Stylist services make up a growing niche in e-commerce. Some startups such as Fitz focus on human stylists who come into a customer’s home to help analyze what you wear and why, and then reorganize the clothing and accessories that make the cut.

But others have concentrated on using technology to offer these services to a greater number of people more quickly. Stylistics has ClosetSpace , an app that is digitizing that process, giving customers outfit suggestions from their virtual closets and also from retailers’ items that they might want to buy.

Even e-commerce giant Amazon (NASDAQ: AMZN) is getting into the game with services like Spark, which is designed to help shoppers find compatible new products—from clothes to home decor to beauty and grooming.

“We all use these tools to help manage our lives: traveling, mobile banking,” says Brooklyn Decker, co-founder of stylist app Finery. “When you look at how women will spend more money on their clothing than on their education, there should be something to manage their clothing.”

Decker, an actress, started Finery last year with Whitney Casey, a former television anchor, to create a “wardrobe operating system.”

Once a person sets up an account with Finery, the startup essentially scrapes the online store accounts connected with that e-mail address for the last decade or so, and mines the purchases from those vendors. That information is then used to create a digital closet on the Finery app, which uses a Pinterest-like display. Casey says Finery has 700 stores and brands on its app—and it can add small boutiques if a few customers mention that they shop there.

“We want your data to be working for you,” Casey adds, “to help you make smarter decisions about what to wear and helping you to shop more strategically.”

Finery will also note and keep track of things like return policies, and send automated alerts when the window is closing. So far, the company says, it has about 100,000 users.

I decided to give Finery a spin, and found that—at least for a customer like me—it won’t be easy to create my virtual closet by mining my e-mail messages. I tend to strive for a clutter-free inbox, so I delete my order messages from Amazon or Zappo’s as soon as the deliveries are made. So my Finery Wardrobe only consists of three items.

Oddly, one of them is a purse I don’t own. Another surprise is that while Finery found a pair of black heels I ordered from Zappo’s last year, it did not locate a second pair of shoes in that same order.

Catherine Clark, Finery’s manager of partnerships and business development, says if you don’t have certain order e-mails any more, you can log onto those retail accounts from the Finery website. For me, that means tracking down my passwords for Nordstrom or Neiman Marcus, something I will have to carve time out for later. That kind of time commitment that might turn off some users.

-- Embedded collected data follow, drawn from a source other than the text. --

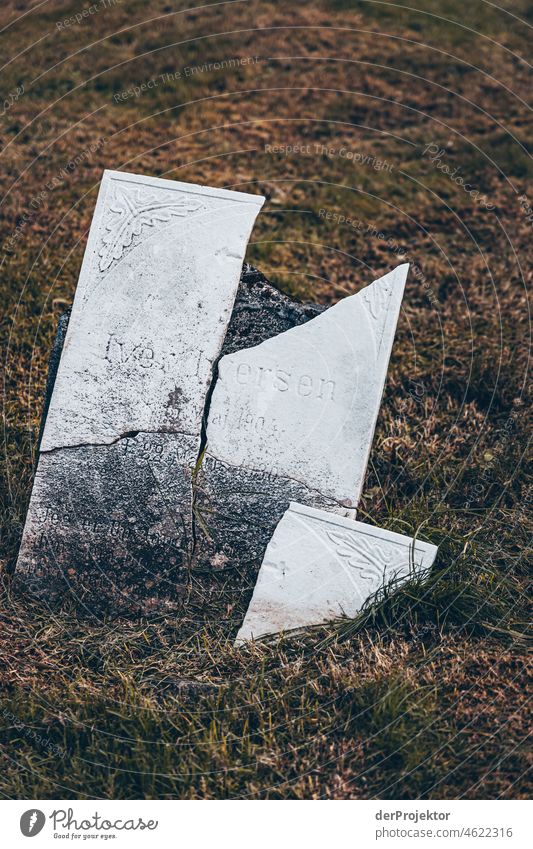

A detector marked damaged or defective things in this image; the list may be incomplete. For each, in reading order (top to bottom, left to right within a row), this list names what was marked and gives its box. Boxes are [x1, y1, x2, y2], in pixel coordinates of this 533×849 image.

broken gravestone [15, 172, 264, 608]
broken gravestone [195, 264, 408, 568]
broken gravestone [236, 500, 436, 640]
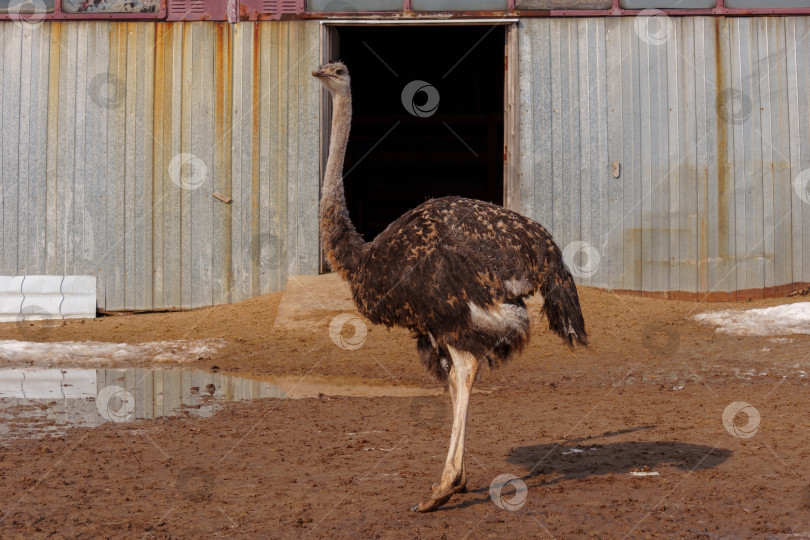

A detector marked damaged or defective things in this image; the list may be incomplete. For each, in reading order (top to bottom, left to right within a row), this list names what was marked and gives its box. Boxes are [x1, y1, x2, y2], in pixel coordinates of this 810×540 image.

rusty metal barn [1, 0, 808, 308]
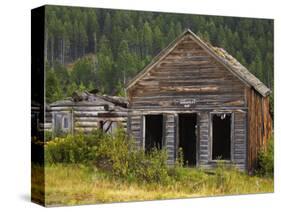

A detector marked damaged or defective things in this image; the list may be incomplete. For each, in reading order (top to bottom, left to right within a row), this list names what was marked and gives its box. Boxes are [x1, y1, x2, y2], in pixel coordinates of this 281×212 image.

Last month, Finery announced it had raised $5 million in a seed round led by NEA and investors such as BBG Ventures, Farfetch, and RetailMeNot founder and CEO Cotter Cunningham, among others. The funding will be used to add developers and data scientists. Casey says they are working on a beta to use artificial intelligence tools to make styling recommendations.

(FindMine has raised $1.7 million from XSeed Capital, Kiwi Ventures, RevTech, and XRC Labs, as well as a handful of angel investors, Bacharach says.)

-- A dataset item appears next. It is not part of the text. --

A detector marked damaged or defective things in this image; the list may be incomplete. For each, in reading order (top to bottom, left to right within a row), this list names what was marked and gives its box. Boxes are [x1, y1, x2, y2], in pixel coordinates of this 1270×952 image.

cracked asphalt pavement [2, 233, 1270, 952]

The idea for FindMine first occurred to Bacharach eight years ago, and she explored it at a business plan competition while attending New York University’s Stern School of Business. But it wasn’t until recently when the necessary tech innovations—combined with retailers’ search for more personalized ways to target customers—were in place to provide the kind of service that Bacharach envisioned with that leather skirt. “After a lot of false starts, in August 2015, we found our first retail customer,” she says. “Then the growth has been dramatic.”